● INSTRUCTIONS FOR THE TASK
Starting from the line with "RED (6).jpg" and going up to and including the line with "Chevrolet Lacetti I", copy the listing below exactly. Leave all images out.

● DATA SUPPLIED

BEGIN

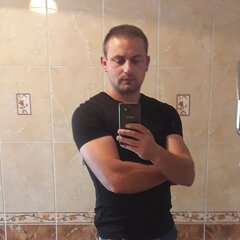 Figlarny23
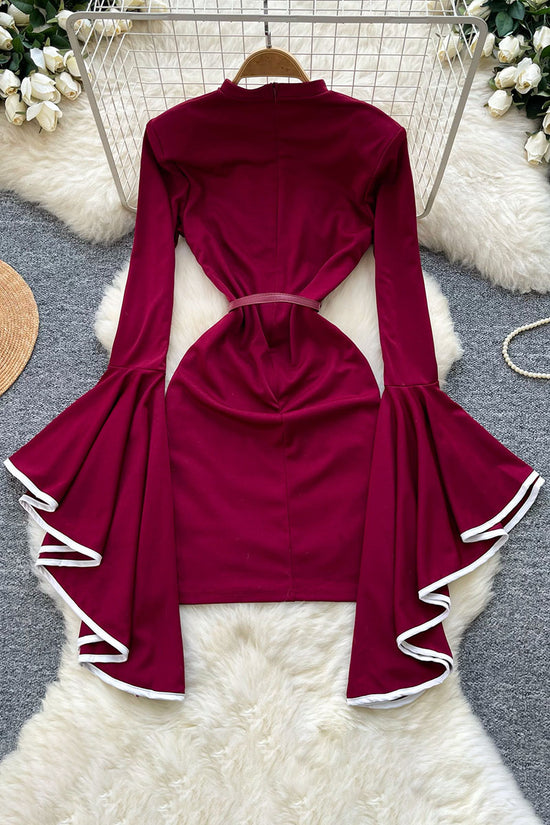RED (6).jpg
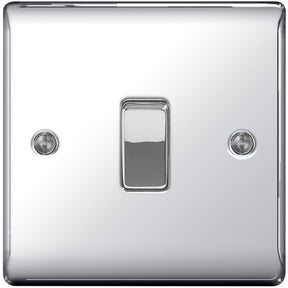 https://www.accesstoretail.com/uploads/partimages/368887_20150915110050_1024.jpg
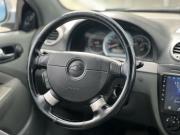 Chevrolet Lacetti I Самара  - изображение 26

END
BEGIN

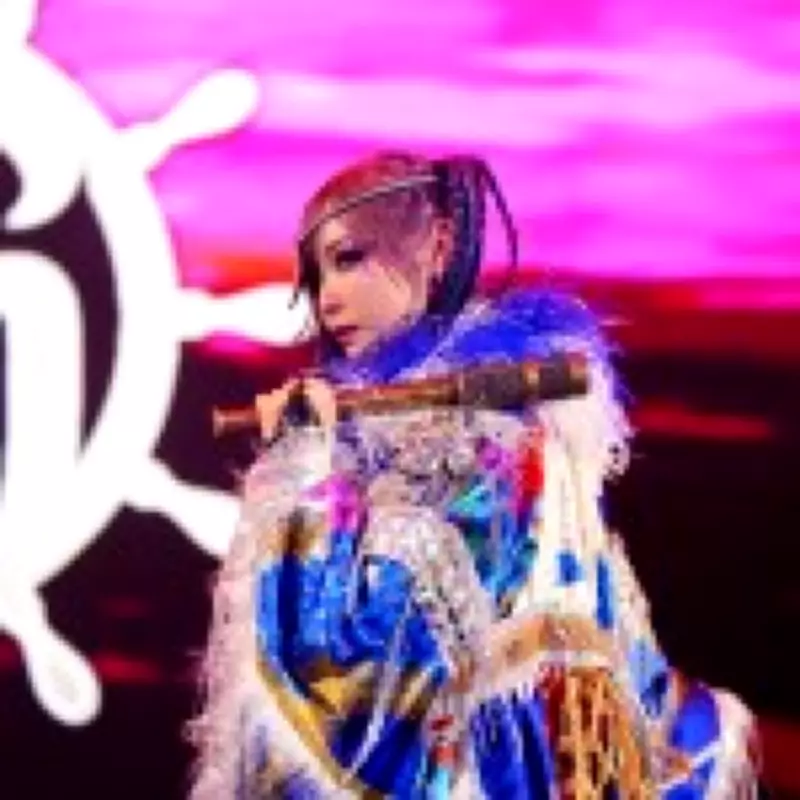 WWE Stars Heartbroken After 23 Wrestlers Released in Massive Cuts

END

● ANSWER
RED (6).jpg
 https://www.accesstoretail.com/uploads/partimages/368887_20150915110050_1024.jpg
 Chevrolet Lacetti I Самара  - изображение 26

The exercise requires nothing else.